Galeotto fu il regolamento sui social network, scintille nella maggioranza cinque stelle di Guidonia. In consiglio si discute dell’uso della pagina Facebook da parte dell’amministrazione comunale: la comunicazione è ormai al primo punto delle attenzioni del sindaco Michel Barbet. I pentastellati corrono cioè ai ripari di fronte al consenso che frana in città davanti ai loro occhi. Così prima c’è stata l’assunzione del comunicatore a 54mila, da Roma (cioè è di Guidonia ma viene dall’ente capitolino), poi l’assunzione su fiducia del giornalista Vincenzo Perrone come consulente esterno a partita Iva, che si dividerà tra l’ufficio stampa del consigliere regionale Valerio Novelli e il sindaco.

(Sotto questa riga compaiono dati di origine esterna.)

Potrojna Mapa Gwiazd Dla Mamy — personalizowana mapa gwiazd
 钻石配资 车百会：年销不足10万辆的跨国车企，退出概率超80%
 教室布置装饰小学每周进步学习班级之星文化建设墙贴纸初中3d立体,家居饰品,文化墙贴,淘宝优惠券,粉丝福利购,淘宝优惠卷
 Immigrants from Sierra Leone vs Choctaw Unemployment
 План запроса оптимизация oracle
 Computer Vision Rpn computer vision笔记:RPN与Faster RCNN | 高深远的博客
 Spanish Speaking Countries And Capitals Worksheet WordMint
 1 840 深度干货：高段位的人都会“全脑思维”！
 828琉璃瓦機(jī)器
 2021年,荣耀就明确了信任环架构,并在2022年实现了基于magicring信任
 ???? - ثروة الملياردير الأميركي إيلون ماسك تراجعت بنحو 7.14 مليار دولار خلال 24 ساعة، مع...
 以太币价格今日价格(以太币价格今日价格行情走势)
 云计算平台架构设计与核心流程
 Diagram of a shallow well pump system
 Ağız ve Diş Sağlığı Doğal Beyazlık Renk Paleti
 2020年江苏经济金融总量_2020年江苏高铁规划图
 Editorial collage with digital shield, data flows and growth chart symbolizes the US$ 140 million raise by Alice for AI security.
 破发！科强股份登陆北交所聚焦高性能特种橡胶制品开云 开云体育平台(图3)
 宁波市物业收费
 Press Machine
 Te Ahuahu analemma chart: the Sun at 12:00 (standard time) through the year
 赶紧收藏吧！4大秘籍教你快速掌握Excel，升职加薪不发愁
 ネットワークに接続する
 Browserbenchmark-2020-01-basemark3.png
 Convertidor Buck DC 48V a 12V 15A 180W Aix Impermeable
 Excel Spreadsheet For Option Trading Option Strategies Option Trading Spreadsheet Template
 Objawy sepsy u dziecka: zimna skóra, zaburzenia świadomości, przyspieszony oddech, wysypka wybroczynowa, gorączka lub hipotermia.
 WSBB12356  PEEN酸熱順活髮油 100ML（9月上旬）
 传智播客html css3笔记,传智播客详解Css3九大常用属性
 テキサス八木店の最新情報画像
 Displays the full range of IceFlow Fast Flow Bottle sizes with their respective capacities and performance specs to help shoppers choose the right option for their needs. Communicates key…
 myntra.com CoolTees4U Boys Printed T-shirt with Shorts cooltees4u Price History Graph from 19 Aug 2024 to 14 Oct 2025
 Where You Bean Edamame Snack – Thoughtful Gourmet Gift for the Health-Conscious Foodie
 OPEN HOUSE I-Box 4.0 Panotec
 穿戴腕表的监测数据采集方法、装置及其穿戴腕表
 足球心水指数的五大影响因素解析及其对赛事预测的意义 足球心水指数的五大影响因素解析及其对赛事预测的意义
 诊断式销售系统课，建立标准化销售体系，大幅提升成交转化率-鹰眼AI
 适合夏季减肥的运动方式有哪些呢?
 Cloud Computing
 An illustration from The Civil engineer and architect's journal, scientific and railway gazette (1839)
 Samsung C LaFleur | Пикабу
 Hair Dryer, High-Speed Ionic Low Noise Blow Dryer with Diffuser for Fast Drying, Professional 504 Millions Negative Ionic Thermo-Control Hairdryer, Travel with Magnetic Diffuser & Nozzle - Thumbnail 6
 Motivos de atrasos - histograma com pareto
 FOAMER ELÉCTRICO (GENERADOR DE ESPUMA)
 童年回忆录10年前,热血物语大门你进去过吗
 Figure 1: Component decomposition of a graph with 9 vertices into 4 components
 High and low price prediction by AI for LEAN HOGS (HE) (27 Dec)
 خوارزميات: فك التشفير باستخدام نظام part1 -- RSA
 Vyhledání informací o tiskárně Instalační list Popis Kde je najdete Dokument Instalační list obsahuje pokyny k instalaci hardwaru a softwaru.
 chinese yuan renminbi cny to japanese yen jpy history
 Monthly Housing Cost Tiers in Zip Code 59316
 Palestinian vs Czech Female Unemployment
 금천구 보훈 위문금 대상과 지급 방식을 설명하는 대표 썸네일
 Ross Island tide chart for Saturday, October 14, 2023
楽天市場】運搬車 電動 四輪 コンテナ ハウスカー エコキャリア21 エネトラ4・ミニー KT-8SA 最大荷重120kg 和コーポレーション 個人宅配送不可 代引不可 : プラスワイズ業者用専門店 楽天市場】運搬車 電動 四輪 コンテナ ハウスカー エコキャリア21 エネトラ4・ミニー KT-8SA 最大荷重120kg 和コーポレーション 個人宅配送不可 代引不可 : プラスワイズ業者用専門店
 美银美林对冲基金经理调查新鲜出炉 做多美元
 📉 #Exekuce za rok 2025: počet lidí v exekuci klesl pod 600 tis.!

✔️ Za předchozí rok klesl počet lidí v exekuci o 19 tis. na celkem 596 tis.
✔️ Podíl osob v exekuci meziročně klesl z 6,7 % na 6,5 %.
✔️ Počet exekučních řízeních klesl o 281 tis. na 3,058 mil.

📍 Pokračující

Metà e metà, un part time a 12mila euro l’anno, voluto fortemente da Barbet con il quale ha un rapporto di fiducia stretto. L’intera vicenda ha fatto sobbalzare l’opposizione, considerando la penuria di risorse che i cinque stelle lamentano. Ma – è chiaro – il nodo è arginare l’impatto negativo tra buche e disservizi.

Sta intervenendo il consigliere di maggioranza Claudio Caruso che difende la scelta della pagina istituzionale del Comune dalla quale diffondere le attività del Comune. E si rivolge ai banchi dell’opposizione. “Non dialoghi consigliere” lo riprende il presidente Angelo Mortellaro, l’altro reagisce inaspettatamente (visto il diktat cinque stelle di non far uscire mai e poi alcuna frizione interna), molto piccato. “Posso decidere io che dire o lo deve fare lei?”, il presidente lo riprende ancora, e Caruso: “Allora parli lei”, e chiude il microfono e lo butta giù. Il capogruppo Giuliano Santoboni che è due posti più in là, subito si agita, ma Caruso ha finito così. Proprio Santoboni parla da “informatico” per spiegare che la pagina Facebook serve e così il regolamento, poi è il turno del collega Alessandro Cocchiarella, che si lascia andare a una lezione sulle fake news, con una considerazione “sull’era moderna”. Comunicare è tutto.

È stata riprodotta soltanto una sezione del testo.